Too often ‘Lesson’s Learned‘ is something we discuss at the beginning of a project or an opportunity, but in the end we spend, well let’s be honest, we WASTE time justifying “why” we failed.
It is easier to rationalize with excuses and blame versus taking the time to understand what went wrong and why. Lesson’s learned are the time spent focused on ‘who screwed up‘ versus supporting a corporate mindset based upon how our brains work. Viewing “Failure as an opportunity to grow!” Viewing failure as the prospect of improving every aspect of our business. Interacting and establishing Corporate Culture to winning proposals.
Psychologist Carol Dweckthe calls it, establishing a “Growth Mindset.” Letting our brains change and grow in response to a challenge. A mindset where we welcome challenges as an opportunity to prove we can do anything we want.
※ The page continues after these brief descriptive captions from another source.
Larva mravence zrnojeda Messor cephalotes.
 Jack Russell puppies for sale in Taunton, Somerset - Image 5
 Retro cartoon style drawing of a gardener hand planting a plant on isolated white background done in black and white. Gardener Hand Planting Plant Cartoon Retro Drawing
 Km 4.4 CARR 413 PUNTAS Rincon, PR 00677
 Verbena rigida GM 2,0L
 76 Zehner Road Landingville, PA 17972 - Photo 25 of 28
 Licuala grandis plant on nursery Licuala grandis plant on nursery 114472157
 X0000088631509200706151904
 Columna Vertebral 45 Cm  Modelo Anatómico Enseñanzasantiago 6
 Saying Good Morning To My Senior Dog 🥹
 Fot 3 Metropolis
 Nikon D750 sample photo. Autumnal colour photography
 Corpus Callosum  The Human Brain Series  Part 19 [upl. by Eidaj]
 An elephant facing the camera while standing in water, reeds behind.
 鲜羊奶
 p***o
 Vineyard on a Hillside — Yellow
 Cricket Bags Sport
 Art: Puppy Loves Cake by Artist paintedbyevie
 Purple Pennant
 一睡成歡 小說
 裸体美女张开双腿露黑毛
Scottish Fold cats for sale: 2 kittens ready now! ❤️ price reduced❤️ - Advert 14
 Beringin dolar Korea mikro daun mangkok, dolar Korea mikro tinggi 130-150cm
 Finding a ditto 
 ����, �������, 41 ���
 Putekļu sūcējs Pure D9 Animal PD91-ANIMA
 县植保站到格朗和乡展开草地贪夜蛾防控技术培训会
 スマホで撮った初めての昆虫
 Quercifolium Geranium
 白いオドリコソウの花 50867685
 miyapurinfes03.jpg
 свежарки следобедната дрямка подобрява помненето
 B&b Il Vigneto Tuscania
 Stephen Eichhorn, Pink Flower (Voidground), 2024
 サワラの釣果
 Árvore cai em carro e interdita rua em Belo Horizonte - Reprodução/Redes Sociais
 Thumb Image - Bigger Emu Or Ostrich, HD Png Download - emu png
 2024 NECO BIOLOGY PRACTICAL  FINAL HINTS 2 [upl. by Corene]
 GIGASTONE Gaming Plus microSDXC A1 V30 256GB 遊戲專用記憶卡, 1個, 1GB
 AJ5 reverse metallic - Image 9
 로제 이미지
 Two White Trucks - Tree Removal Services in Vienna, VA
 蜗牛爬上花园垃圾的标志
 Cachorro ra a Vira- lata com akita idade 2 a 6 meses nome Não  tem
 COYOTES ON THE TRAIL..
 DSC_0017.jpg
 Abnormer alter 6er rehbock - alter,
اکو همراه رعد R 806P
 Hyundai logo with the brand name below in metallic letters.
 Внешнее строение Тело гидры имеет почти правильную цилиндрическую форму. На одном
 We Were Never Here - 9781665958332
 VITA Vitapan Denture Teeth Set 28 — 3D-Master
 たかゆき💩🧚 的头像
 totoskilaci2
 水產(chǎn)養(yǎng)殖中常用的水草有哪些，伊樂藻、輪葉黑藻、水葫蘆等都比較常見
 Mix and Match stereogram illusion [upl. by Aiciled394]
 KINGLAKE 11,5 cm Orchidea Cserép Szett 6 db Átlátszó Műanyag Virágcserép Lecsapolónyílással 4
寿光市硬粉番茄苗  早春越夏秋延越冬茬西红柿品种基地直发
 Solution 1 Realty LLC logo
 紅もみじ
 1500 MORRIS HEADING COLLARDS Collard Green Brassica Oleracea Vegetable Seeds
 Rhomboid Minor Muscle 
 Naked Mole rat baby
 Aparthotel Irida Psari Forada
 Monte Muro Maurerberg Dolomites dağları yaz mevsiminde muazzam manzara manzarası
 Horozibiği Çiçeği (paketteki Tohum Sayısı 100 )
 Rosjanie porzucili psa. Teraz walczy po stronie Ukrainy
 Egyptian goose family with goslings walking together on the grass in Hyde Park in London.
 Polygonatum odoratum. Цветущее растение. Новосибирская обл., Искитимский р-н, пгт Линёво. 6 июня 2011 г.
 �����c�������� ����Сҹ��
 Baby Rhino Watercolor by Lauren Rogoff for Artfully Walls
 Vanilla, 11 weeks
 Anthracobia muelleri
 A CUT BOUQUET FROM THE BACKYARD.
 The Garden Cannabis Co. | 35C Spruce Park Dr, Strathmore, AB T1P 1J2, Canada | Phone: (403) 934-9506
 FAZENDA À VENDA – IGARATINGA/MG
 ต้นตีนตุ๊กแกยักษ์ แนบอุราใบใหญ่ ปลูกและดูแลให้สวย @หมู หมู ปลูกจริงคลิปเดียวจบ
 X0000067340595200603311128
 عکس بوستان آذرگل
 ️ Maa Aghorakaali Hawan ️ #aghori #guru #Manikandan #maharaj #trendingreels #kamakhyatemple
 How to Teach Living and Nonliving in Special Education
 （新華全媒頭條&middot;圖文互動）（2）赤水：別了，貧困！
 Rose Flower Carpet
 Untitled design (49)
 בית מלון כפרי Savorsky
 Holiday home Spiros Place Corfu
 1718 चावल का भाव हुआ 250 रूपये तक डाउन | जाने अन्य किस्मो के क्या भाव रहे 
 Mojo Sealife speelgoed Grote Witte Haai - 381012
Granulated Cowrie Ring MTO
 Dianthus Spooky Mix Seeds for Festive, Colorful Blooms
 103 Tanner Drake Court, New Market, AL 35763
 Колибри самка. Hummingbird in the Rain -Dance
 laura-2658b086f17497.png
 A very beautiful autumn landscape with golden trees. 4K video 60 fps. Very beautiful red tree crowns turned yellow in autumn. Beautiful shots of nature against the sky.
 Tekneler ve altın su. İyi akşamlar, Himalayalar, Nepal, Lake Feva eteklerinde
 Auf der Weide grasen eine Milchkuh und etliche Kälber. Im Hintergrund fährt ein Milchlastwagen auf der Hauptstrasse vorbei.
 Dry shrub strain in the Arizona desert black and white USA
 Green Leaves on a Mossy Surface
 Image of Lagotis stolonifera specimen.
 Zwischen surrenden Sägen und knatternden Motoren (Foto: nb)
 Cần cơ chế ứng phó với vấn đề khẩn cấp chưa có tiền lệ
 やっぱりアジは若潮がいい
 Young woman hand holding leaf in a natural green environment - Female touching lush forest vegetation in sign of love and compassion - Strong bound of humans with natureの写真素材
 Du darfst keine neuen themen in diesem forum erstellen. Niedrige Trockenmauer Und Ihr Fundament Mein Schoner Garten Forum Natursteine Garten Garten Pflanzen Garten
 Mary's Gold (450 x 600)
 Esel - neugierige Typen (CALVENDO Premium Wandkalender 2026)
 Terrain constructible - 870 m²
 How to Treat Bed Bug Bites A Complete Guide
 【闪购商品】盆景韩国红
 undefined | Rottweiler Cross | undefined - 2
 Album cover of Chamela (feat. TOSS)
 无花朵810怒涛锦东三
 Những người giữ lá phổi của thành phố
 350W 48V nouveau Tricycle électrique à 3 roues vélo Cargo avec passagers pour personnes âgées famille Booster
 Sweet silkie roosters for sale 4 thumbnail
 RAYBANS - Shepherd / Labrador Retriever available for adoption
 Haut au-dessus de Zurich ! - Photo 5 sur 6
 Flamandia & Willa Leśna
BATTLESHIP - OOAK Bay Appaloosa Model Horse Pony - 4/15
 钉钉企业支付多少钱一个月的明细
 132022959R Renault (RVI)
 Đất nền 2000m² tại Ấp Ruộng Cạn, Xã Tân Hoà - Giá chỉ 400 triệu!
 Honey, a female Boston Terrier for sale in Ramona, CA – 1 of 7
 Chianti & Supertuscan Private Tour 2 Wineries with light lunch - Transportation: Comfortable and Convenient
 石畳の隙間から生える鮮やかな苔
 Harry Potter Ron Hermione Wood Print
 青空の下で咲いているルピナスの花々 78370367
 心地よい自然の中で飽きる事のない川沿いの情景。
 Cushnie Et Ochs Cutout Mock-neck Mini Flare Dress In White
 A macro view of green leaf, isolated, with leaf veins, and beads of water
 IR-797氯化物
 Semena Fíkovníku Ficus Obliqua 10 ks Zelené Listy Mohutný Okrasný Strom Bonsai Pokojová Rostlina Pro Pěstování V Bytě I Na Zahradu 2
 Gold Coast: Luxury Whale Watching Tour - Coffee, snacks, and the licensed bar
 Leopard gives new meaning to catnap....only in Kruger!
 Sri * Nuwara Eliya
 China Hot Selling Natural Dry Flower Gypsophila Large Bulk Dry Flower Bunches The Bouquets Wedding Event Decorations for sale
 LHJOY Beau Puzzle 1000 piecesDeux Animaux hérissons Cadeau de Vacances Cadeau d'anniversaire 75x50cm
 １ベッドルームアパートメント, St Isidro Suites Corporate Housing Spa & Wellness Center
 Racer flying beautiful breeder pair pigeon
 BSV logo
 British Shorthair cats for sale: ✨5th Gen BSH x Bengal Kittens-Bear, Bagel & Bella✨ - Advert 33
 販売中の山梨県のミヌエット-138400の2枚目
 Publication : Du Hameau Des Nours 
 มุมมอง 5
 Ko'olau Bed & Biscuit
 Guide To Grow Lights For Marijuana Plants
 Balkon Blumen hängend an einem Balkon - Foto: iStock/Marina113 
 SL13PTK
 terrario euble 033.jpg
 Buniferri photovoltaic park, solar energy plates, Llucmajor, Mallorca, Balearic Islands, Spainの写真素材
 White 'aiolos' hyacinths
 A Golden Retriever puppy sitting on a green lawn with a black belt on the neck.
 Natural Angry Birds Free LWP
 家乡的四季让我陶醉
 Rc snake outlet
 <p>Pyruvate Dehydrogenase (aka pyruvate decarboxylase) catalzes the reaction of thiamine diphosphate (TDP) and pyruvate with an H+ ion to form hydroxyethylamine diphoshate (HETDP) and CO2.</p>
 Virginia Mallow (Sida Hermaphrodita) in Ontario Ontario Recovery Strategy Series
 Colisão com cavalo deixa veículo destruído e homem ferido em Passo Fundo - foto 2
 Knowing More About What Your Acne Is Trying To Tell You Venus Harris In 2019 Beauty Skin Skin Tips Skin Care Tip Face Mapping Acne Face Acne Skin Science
Bill Gates said, “Once you figure out one thing, helps you understand the next thing, then the whole thing makes sense.” while describing his observation of how Leonardo Da Vinci was able to address so many different disciplines (e.g., painter, architect, inventor).
Leonardo used his imagination and understanding in a world without Google to create the bicycle, the helicopter, and airplane just through the observation and the physical make-up and flying capability of a bat.
You have to believe Leonardo had failures, had hiccups, but never pointed the finger. Conscious that hiccups may occur with one goal in mind; figuring out one thing, then the next thing until the whole thing makes sense.
Leonardo had what Angela Lee Duckworth would define as GRIT…She said, “Grit is either unrelated or inversely related to talent,” eliminating blame and dispelling the myth, I’m not good enough, but it also uncovers the truth. Grit makes you determine what it takes to move to the next thing and how our role fits in the larger scheme of things.
What we need is Grit.
Until next blog, increase your Character by being brave, having backbone, and perseverance!